Kickball was another recess favorite of mine, with one memory being especially vivid. It was probably First or Second grade. I was decked out in a dress, probably some polyester creation handmade by Frannie. I don’t recall the specifics of the play; all I know is that I was out. Maybe I’d gotten called out on base or maybe it was a pop fly. Whatever it was, I was bummed and humiliated as I started my jog to the backstop. It felt like the Trot of Shame. As I made my approach, I noted that there was a mud puddle covering home plate. In my eyes it must’ve looked about the size of a glass of water spilled on the kitchen table, but in reality it was more along the lines of Lake Shasta. Wanting to maintain some element of confidence and coolness, and attempting to rebuild my reputation, I decided to jump over it. If I was out, I’d go out with a bang. I leapt.
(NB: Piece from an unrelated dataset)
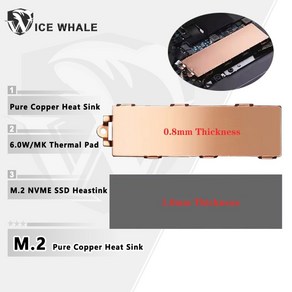 OCNG M.2 NVME SSD HEASTINK 순수 구리 방열판 M.2 2280 SSD 노트북 데스크탑 SSD 쿨러 6.0W MK 열 패드 포함 냉각, 1개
I landed. Smack dab in the middle of it. I was drenched in a watery, gooey, muddy mess. My humiliation level soared. Utterly embarrassed, I made the trek to the Nurse’s office where I sat with paper towels stuck to every exposed body part as I waited for my mom to bring a change of clothes.
These days I’ve been learning some new additions to the game as I’ve played with my 9-year-old and his friends. One of them is “ghosties” (when we’re short-handed players, the runner has to return to be kicker again, leaving a “ghostie” on base.) I’ve also been introduced to another one of their recess faves: Four Square. Over the summer, I’ve heard my son holler “Chickafee” on occasion and wondered what it meant. But I’ve remained silent and figured it was one of the finer points of the game.
Thursday we decided to play Four Square with our new ball. Rassy and his friend explained the rules to me as we started. We bounced the ball into each other’s squares, trying not to hit the lines. He bounced it into his friend’s square and immediately yelled “Chickafee.” Here was my opportunity. I tried to be subtle as I contained my cluelessness; I was on the verge of going from Four Square novice to insider.
“What’s ‘Chickafee’?” I asked.
My son’s friend held the ball at his hip and looked at me with all the seriousness of an MLB ump.
“It’s actually supposed to be ‘Chicken Feet’,” he explained knowledgeably. “It means when the ball hits your foot you’re out.”
“Oh.” I replied.
I played a few more minutes and then jumped in the car to go pick up some pizza as they continued on with Two Square, bouncing that red ball back and forth as I left.
Over the years the games, lingo and rules may have changed—we’ve gone from Charlie’s Angels to Chickafee—but one thing remains at the heart of neighborhood and playground fun: that familiar, classic, textured red rubber ball.